I think school and work are some of the biggest barriers to a thru hike. It took me 10 years to finish all my post secondary education. There wasn’t much I could do about the barrier of school but wait until I finished, and then make sure I didn’t sign up for a 4th degree. There were some days I thought about it, but thankfully reason found me.

Removing the barrier of work was a bit different. The traditional ways of addressing this is to quit or hike during a transition. I did the latter to hike the Long Trail in 2022. I didn’t see another transition in my near future and I enjoy my job too much to make flat out quitting a primary option. That left me to try to request a leave of absence.

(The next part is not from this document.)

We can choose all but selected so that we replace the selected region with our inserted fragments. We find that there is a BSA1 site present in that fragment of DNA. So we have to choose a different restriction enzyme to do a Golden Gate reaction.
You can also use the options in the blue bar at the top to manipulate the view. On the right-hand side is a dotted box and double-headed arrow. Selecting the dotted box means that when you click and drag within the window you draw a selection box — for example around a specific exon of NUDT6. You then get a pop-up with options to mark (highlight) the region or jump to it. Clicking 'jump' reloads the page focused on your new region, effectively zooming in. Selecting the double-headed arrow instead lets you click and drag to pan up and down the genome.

There is a lot that can go into requesting 5-6 months off work with no stable means of contact during the early side of one’s career. For me it came down to being a part of a team that values me and my work life balance, working for a company that promotes flexible work arrangements, and proving my worth to my team (so they keep a job for me to return to). Thankfully that all aligned to get me the time off I requested. 

2) Finances

Finances are pretty self explanatory. Thru hiking requires savings. I spent a little over a year saving up through adding a saving target to my budget, working a side gig of art commissions, and living with my parents for 6 months.

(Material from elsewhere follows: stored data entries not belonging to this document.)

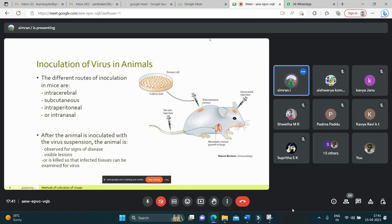After the animal is inoculated with the virus suspension, it is observed for signs of disease. Visible lesions such as pox lesions are observed.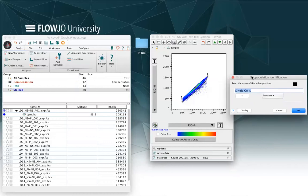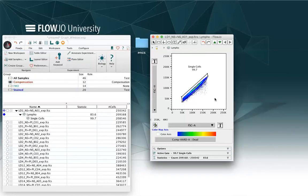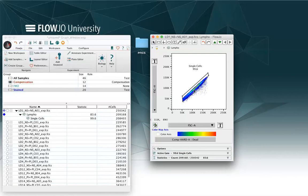In this case that I have forward high versus forward area, FlowJo will suggest me that these are single cells. I'm OK with that. And I will just click on OK. And even in this case, I can adjust my gate and make it tighter or move it around.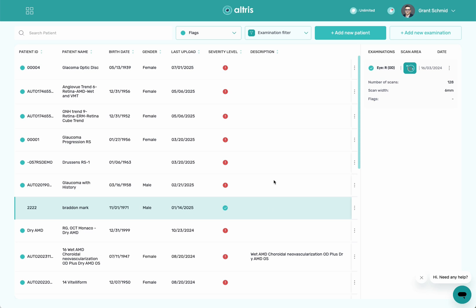You're going to see all your patients listed here, and you can filter by patient ID, patient name, birth date, gender, the last time it's uploaded, severity level, or the description.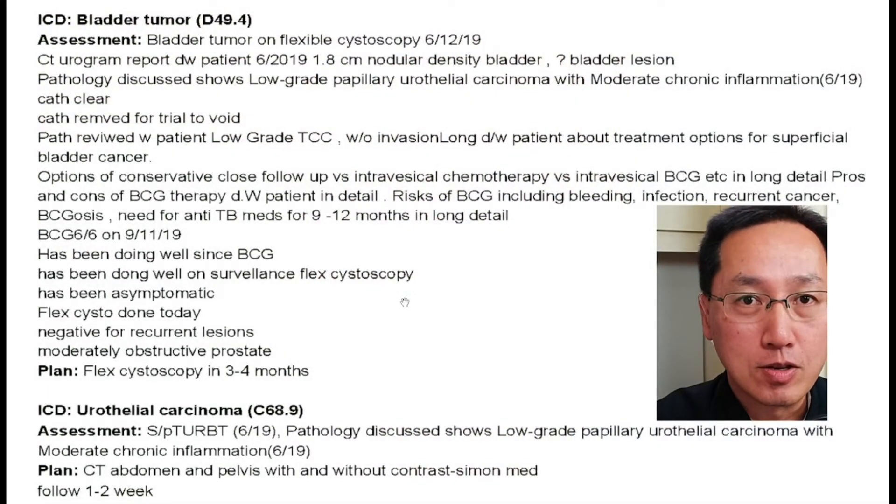Say it's low-grade cancer — you do BCG, the patient undergoes BCG, then comes in for surveillance cystoscopy. You don't find any cancer, and now you want to order a CT urogram. You should now be using personal history of bladder cancer because you've already cured the patient. You see how it went: from bladder tumor to bladder cancer to personal history of bladder cancer. You don't keep using the same diagnosis code throughout the entire care of the patient when you already took care of the problem.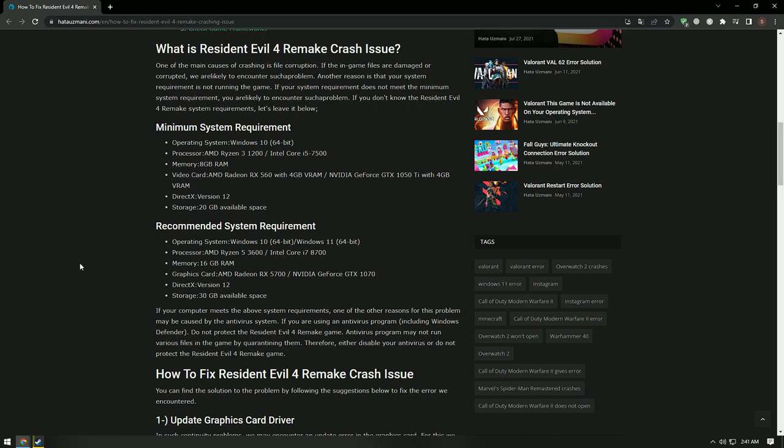The antivirus program may quarantine various game files and prevent them from running. Either disable your antivirus or add the Resident Evil 4 Remake game to your exclusion list.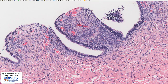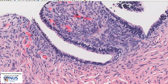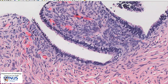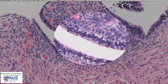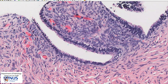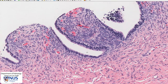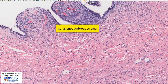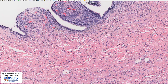Let's look at another area and again you can see these columnar cells with cilia on the surface. The epithelium is known as ciliated columnar epithelium or tubal type epithelium. Below this we have quite a dense collagenous stroma — you can see these pink strands of collagen — and again this is classical for a serous cyst adenoma.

Me working on a stained glass commission that ended up being a big help towards reaching my savings goals

3) Lease or mortgage:

What to do with all my stuff and living space? I knew having to break a lease would be an added financial cost I didn’t want to deal with. If I had a mortgage, paying that while not making an income would be more difficult. My housing search was put on an indefinite hold, goodbye Zillow, leaving me to rent until the rest of life aligned for a thru hike. In renting, I shortened my first lease so that it would end in March to coincide with the start of the PCT season. If the PCT didn’t happen that year, I could then keep renewing 12 month leases until it did. 

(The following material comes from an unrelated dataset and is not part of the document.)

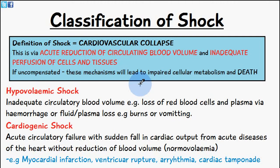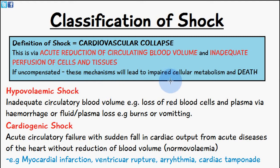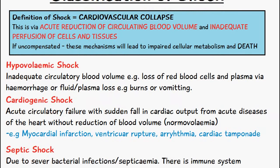Welcome to Five Minute School. In today's video we'll be talking about shock. Shock itself is a form of cardiovascular collapse. It occurs due to the acute reduction of circulating blood volume and inadequate perfusion of cells and tissues. If these two mechanisms are uncompensated for, it'll lead to impaired cellular metabolism and death.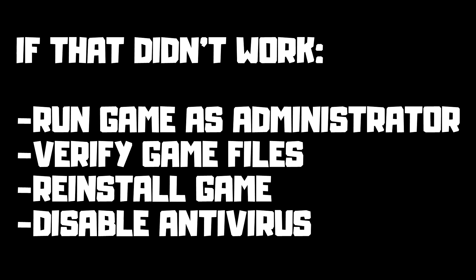If that didn't work, run the game as administrator, verify game files, reinstall the game, or disable antivirus. Problem solved. Subscribe.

I have worn glasses or contacts ever since second grade, but working towards hiking the PCT changed that. The additional logistics and weight of daily contacts aren’t ideal, but it was really the risk of eye infection that was a barrier for me. Imagine hiking for a few months, only to get an eye infection from putting in contacts with dirty hands and being forced off trail. I try to keep good hygiene on the trail, but there is no good way to keep your hands sanitary every single day. I saw my eyes as a barrier so I went and got LASIK surgery and am contact free. 

5) Responsibilities:

Being single, no kids, no pets, and with parents that are independent is a definite blessing when it comes to planning a thru hike. The barrier here was to keep a similar status quo. I refrained from getting a pet and made sure I dated with the mindset that I would need someone supportive of my dream to hike.

Not having a dog of my own never stopped me from loving my parents’ dogs while writing this post

6) Permit:

The PCT requires a permit. Yes my midwestern friends who find this surprising; hiking out west requires a permit to protect the environment from overuse. Talking about permits is borderline planning instead of removing barriers. However, I include is a a barrier because I never mentally committed until I had one. I had a bad lottery placement the first round in November, but then caught a stray open permit the day after Christmas. If I didn’t get a permit date I was comfortable with, I was going to wait until 2025 and try again. 

Making the plan:

Once I had all my barriers removed, making the plan to hike became easy. I no longer had any excuses left to put off my dream. My permit gave me a date and all that was left was to secure the time off with work, book a flight, plan my resupplies, and train. 


So, what is your someday dream? Your why? Your barriers? Your plan? Are you going to let your someday dream stay a someday dream or are you going to change that?